Every line below from the one containing "Graphic: Buildings in" through the one containing "and stairway Entrance" is to be printed exactly, with the pictures omitted.

> **Data supplied**
———

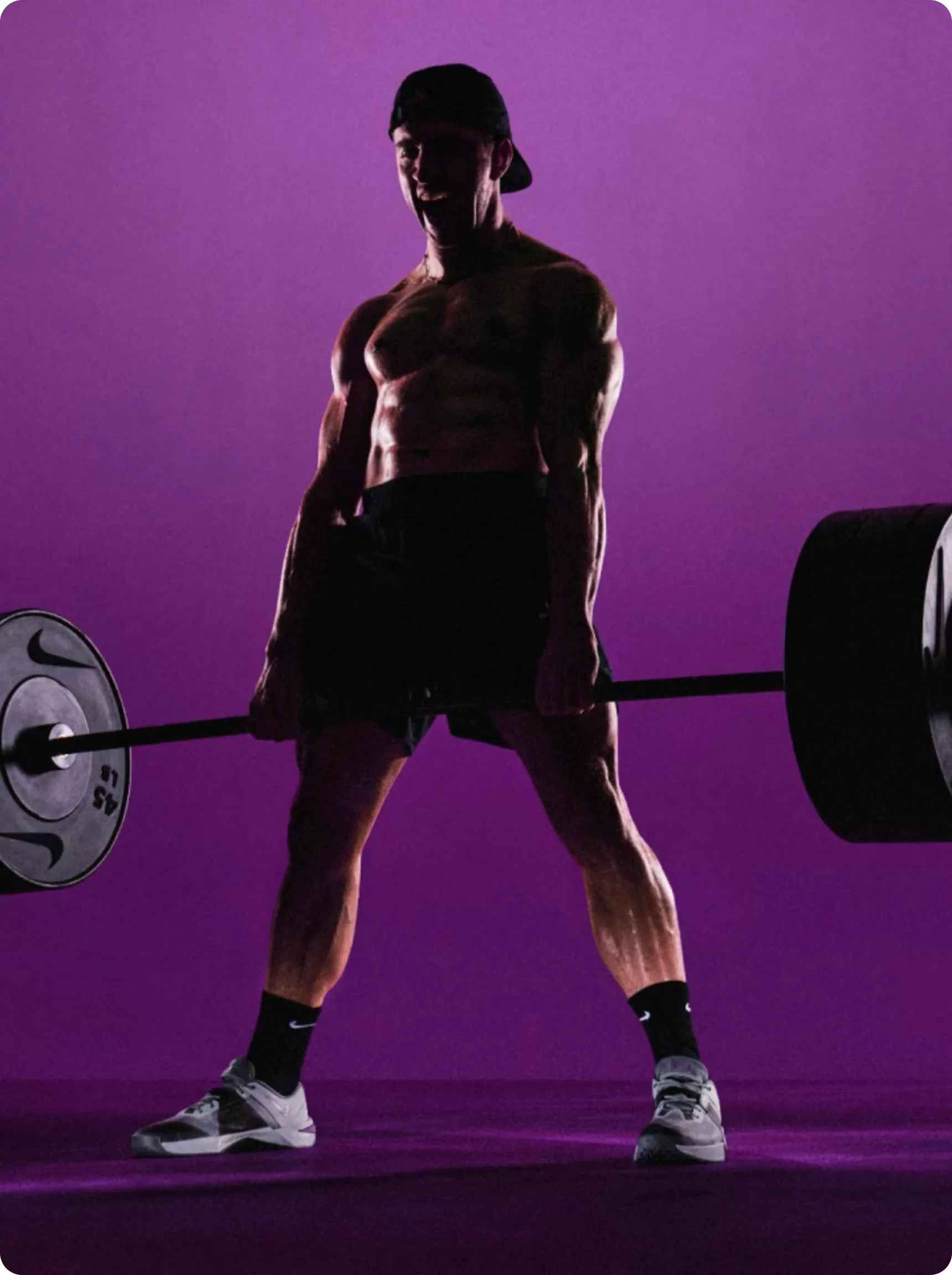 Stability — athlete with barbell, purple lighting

———

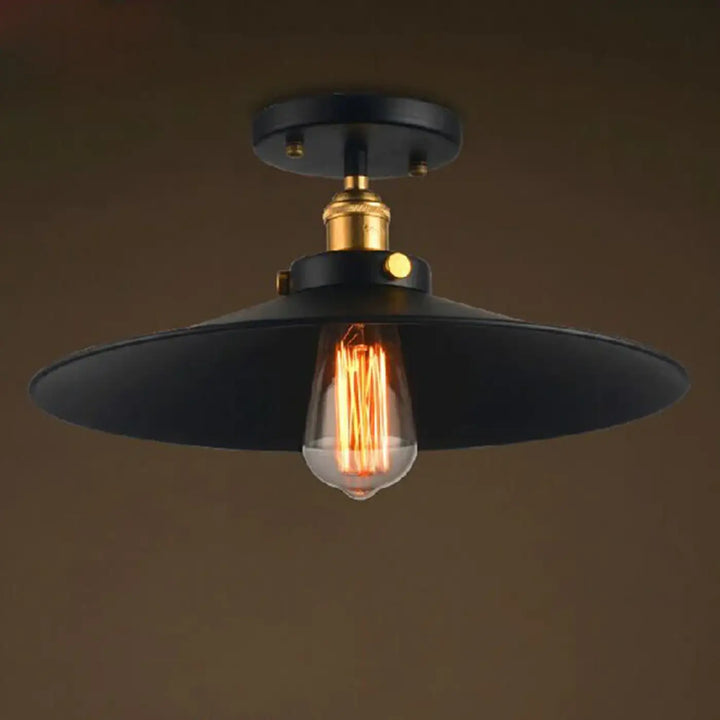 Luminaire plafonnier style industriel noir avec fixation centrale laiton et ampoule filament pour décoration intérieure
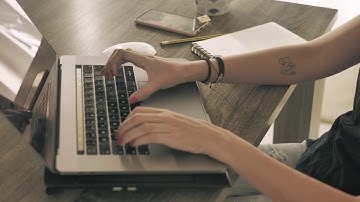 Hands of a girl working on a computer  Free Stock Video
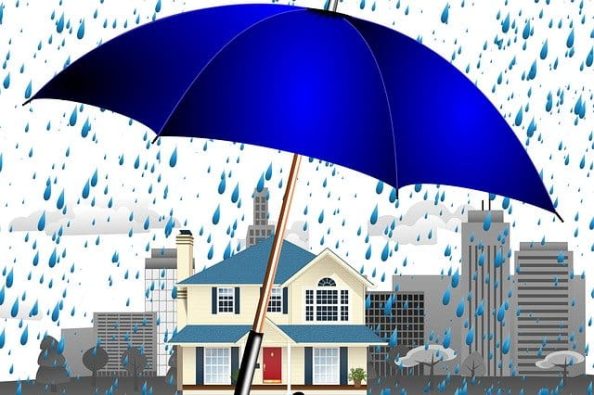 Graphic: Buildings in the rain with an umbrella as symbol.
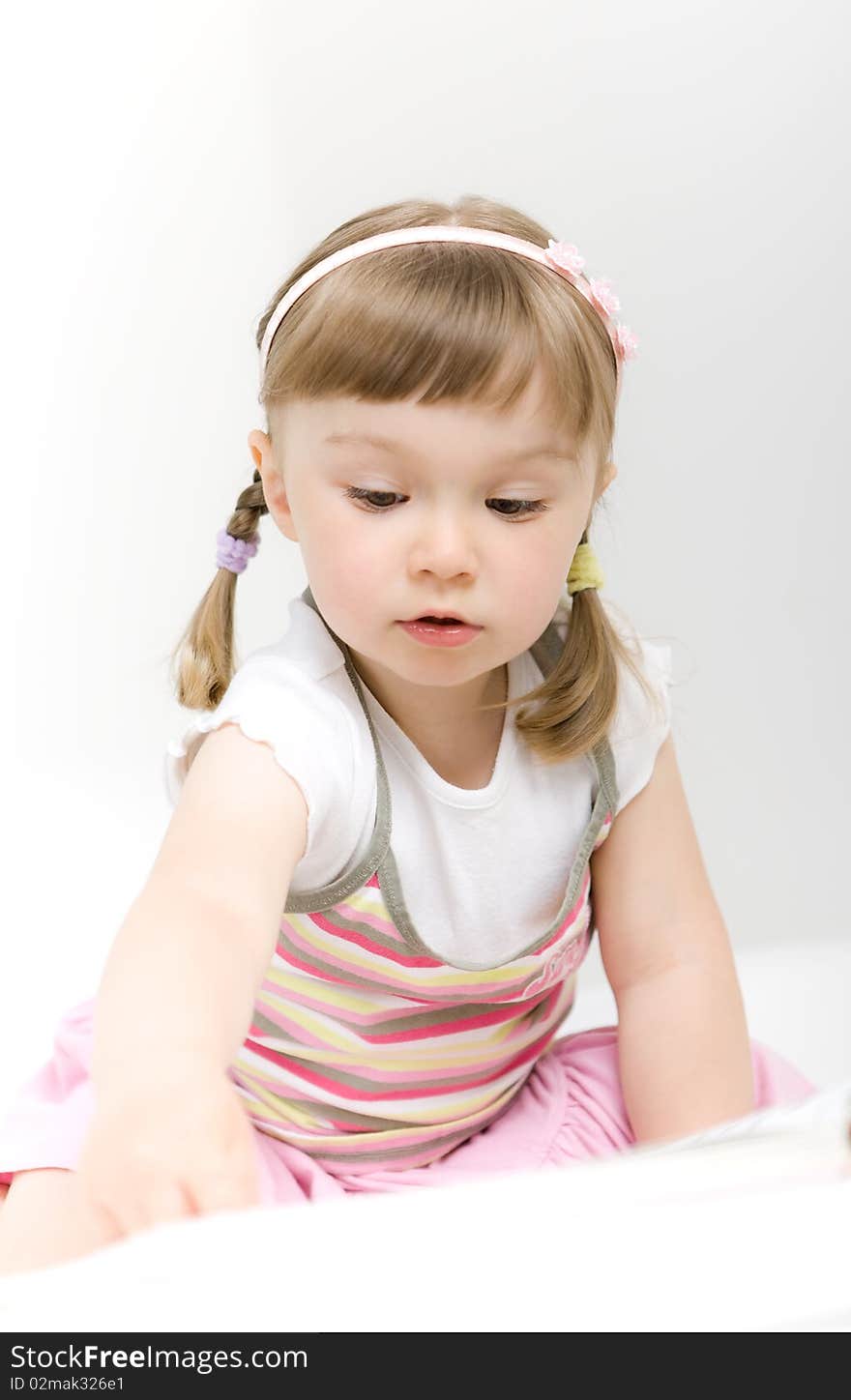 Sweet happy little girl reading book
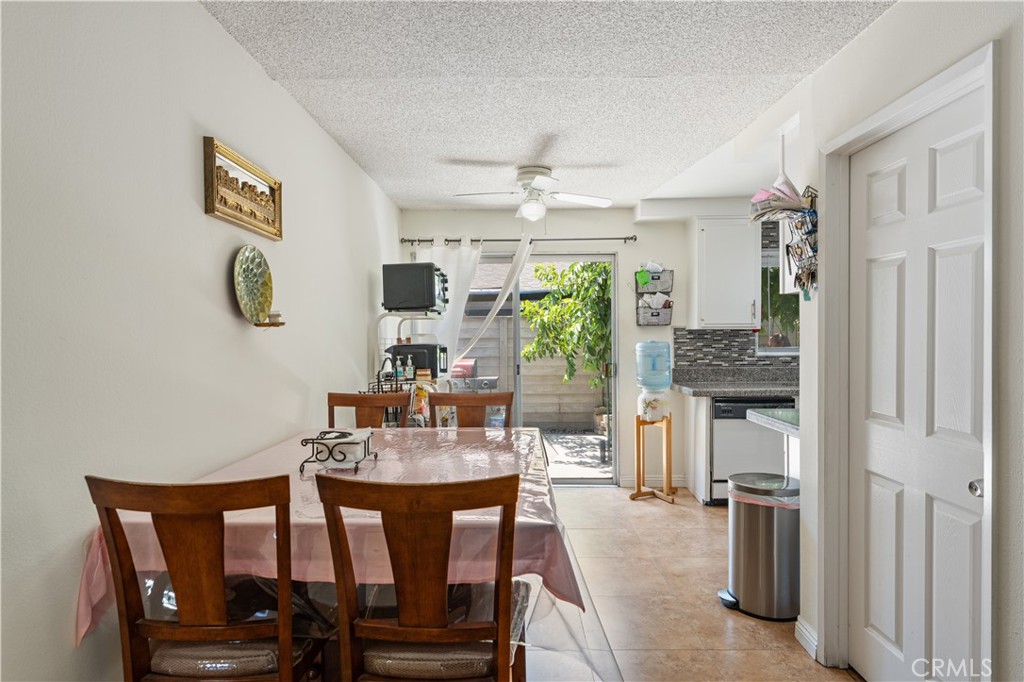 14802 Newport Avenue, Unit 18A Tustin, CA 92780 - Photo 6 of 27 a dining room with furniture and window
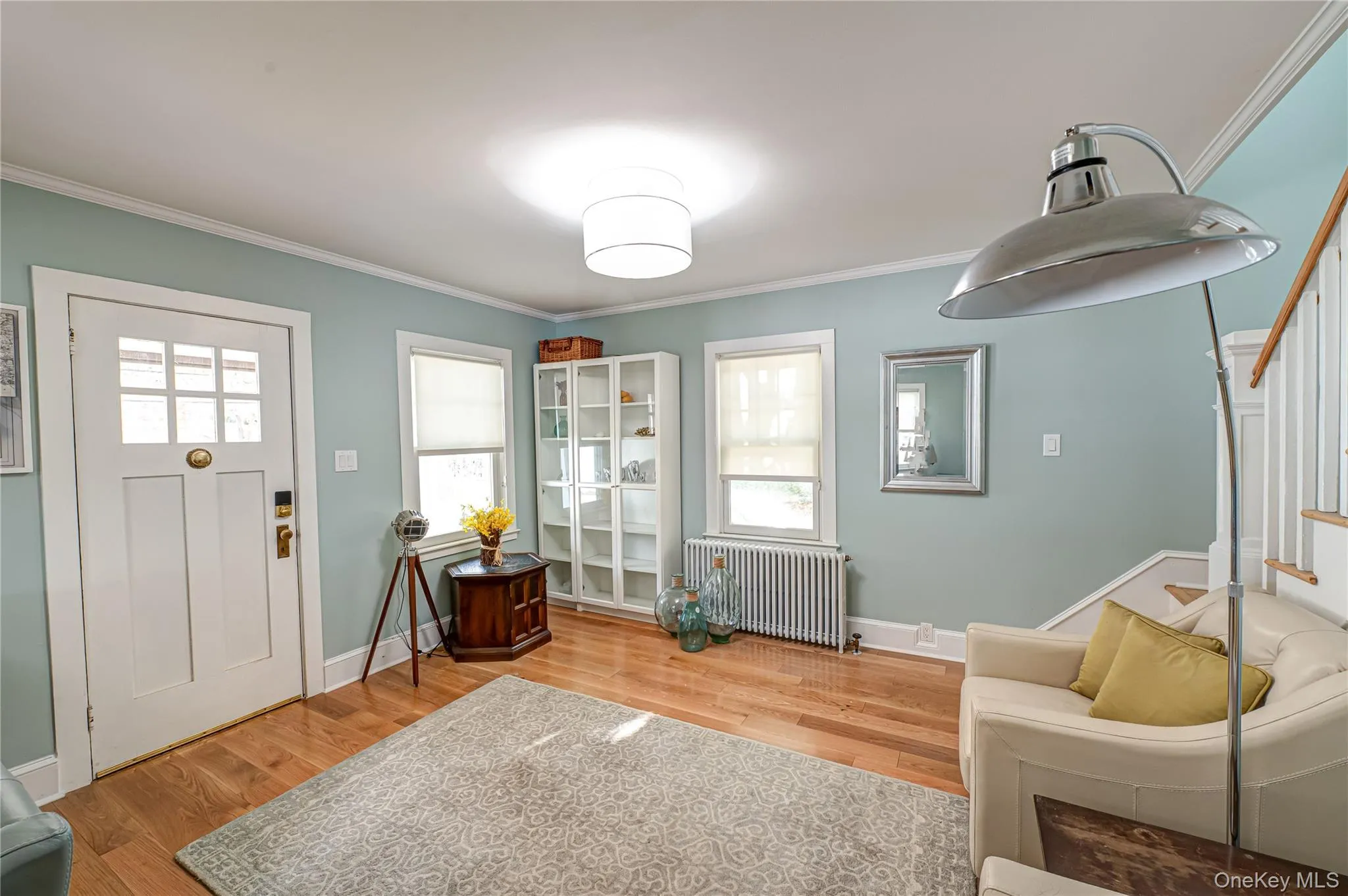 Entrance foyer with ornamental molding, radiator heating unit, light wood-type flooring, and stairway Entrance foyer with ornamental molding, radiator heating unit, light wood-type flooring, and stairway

———

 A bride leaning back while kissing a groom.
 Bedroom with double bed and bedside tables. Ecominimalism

———

> **Solution below**
 Graphic: Buildings in the rain with an umbrella as symbol.
 Sweet happy little girl reading book
 14802 Newport Avenue, Unit 18A Tustin, CA 92780 - Photo 6 of 27 a dining room with furniture and window
 Entrance foyer with ornamental molding, radiator heating unit, light wood-type flooring, and stairway Entrance foyer with ornamental molding, radiator heating unit, light wood-type flooring, and stairway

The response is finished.